A series of internal conflicts, she said, quickly strained her working relationship with Toomey.

Four days after Dalton joined the agency, she expressed concerns about a plan to send Toomey’s pandemic-related emails to the governor’s office. She warned that sharing the emails might violate federal law if they contained personal medical information about individuals with COVID-19. But Toomey ordered her to share the emails, anyway, Dalton said, and later instructed her not to re-examine the messages for possible violations.

The tension with Toomey escalated, Dalton said, when the commissioner asked her to prepare a legal opinion about a private matter for Abit Massey, president emeritus of the Georgia Poultry Association, and his wife, Kayanne. The Masseys apparently are friends of Toomey’s. Their son, Lewis Massey, is a former Georgia secretary of state and a prominent lobbyist in the state Capitol.

State law prohibits lawyers in the attorney general’s office from any private legal practice. Whether that statute applies to lawyers in other agencies is not clear. Regardless, Dalton said, “we do not provide advice to private citizens.”

Dalton instead compiled a list of websites that might answer the Masseys’ question.

“It was not what she wanted,” Dalton said of Toomey, and the commissioner sent her an email instructing her to be more responsive to future assignments.

A few weeks later, Dalton received a draft of a contract with one of Lewis Massey’s clients, Maximus Inc., to operate a vaccination call center. The deal had been in the works for several weeks but had not been put out for competitive bids — “an extraordinary step,” Dalton said.

In a Saturday morning telephone call in late February 2021, Dalton said she told an aide to Toomey that bidding would ensure fairness. She told the aide she would call Toomey to make the same point. Instead, Toomey called her.

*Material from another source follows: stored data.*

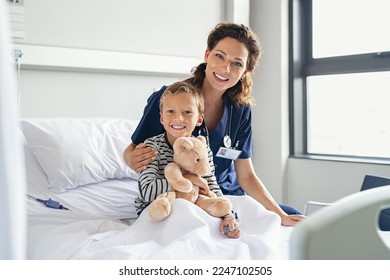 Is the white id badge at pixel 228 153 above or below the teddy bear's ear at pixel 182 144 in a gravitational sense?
below

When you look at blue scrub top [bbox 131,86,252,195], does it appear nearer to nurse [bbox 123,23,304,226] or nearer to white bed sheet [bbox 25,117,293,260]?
nurse [bbox 123,23,304,226]

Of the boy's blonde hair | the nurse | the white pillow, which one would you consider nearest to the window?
the nurse

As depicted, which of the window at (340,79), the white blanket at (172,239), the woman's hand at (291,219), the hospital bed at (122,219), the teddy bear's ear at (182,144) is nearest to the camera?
the hospital bed at (122,219)

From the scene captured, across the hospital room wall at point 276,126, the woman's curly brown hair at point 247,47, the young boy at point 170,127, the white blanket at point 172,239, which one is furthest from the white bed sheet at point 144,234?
the hospital room wall at point 276,126

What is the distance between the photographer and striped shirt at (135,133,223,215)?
61.2 inches

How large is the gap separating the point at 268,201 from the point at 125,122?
3.33 ft

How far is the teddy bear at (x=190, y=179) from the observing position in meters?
1.48

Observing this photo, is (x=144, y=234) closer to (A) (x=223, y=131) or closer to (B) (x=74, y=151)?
(A) (x=223, y=131)

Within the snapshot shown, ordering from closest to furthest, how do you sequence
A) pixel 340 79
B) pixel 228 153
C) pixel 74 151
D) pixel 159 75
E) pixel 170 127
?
pixel 170 127, pixel 228 153, pixel 74 151, pixel 159 75, pixel 340 79

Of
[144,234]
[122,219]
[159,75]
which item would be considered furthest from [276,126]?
[144,234]

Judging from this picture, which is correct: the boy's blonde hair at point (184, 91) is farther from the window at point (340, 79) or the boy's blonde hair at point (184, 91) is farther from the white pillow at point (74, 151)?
the window at point (340, 79)

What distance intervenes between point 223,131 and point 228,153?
0.34 ft

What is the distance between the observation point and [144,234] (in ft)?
4.66

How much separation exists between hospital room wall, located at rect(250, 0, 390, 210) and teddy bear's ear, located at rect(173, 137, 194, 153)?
79.5 inches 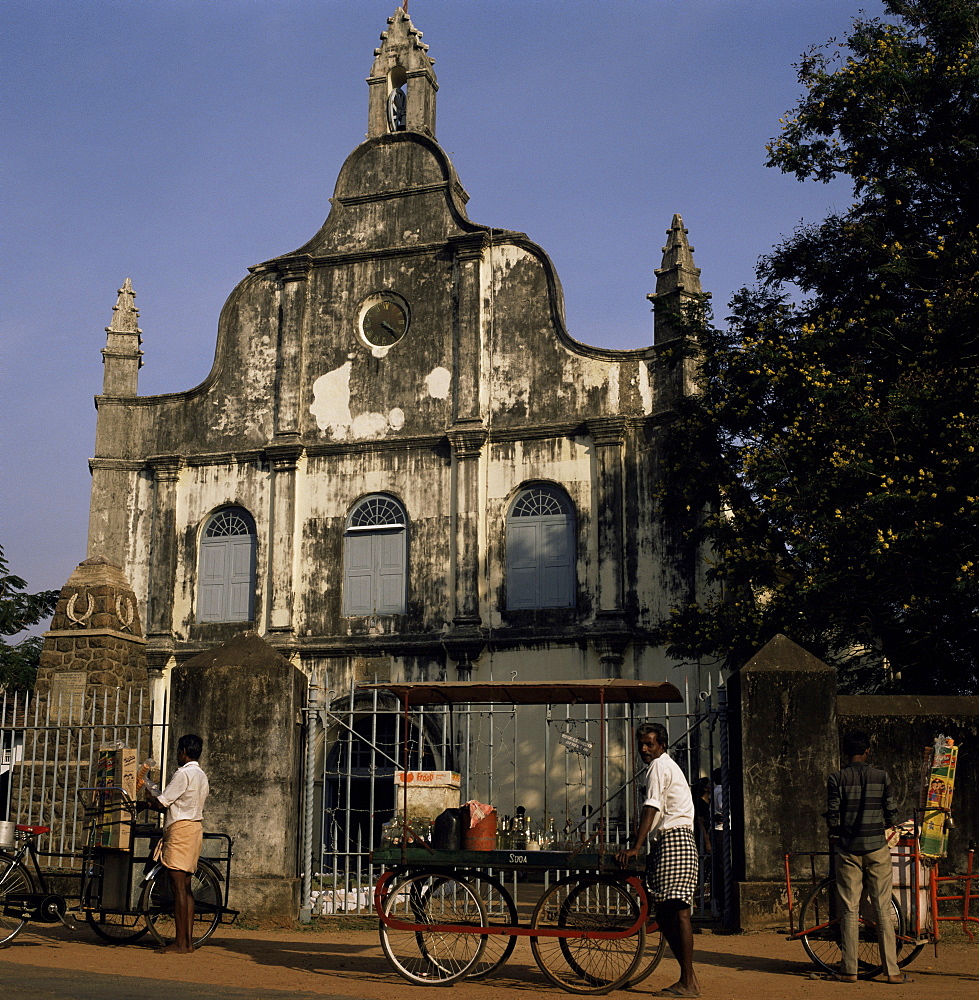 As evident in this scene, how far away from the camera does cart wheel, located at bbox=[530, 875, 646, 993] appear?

“She said, ‘Get it done,’” Dalton said. “She was not interested in talking about the bidding process.”

Lewis Massey has denied impropriety either in the contract or in the matter involving his parents.

The final clash between Dalton and Toomey concerned a May 2020 request by the Journal-Constitution to review emails between the commissioner and the governor’s office during the first months of the pandemic. The request sat dormant for months before Dalton released about 15,000 emails in January 2021 after the newspaper threatened legal action.

Shortly after a reporter contacted Public Health and the governor’s office for comment for a possible story, Toomey called Dalton at home, demanding to review the emails herself.

“She said, ‘I need to see those records today,’” Dalton said.

The story published online on March 26, a Thursday. Citing the emails, it reported that Kemp’s aides had largely dictated Toomey’s public statements about the coronavirus and that the state had withheld information showing the pandemic was worsening as Kemp relaxed virus-control measures.

Already, Dalton said, David Dove, the top lawyer on the governor’s staff, had called her in to suggest she resign and seek a part-time position with the state agency that regulates construction of medical facilities. Dalton, who did not report to Dove, rejected his suggestion.

“I was prepared every day for that to be my last day,” Dalton said.

On March 30, a human resources official asked Dalton to come with him to a conference room. Toomey was already there, seated at a long table.

“She told me I was terminated,” Dalton said. “She said I did not have the right cadence. That was it.”

Getting a new job has been difficult, Dalton said, because if potential employers type her name into Google, news stories about her dismissal appear at the top of the search results.

Now she hopes a new result will pop up — the story of her vindication.


About our reporting

The Atlanta Journal-Constitution reported in July 2021 that Jennifer Dalton, general counsel at the Georgia Department of Public Health, had been fired shortly after the newspaper published a story based on documents she had released under the state Open Records Act in January of that year. Before Dalton joined the agency, it had suspended its compliance with the records law because of the coronavirus emergency. or the duration of the coronavirus emergency.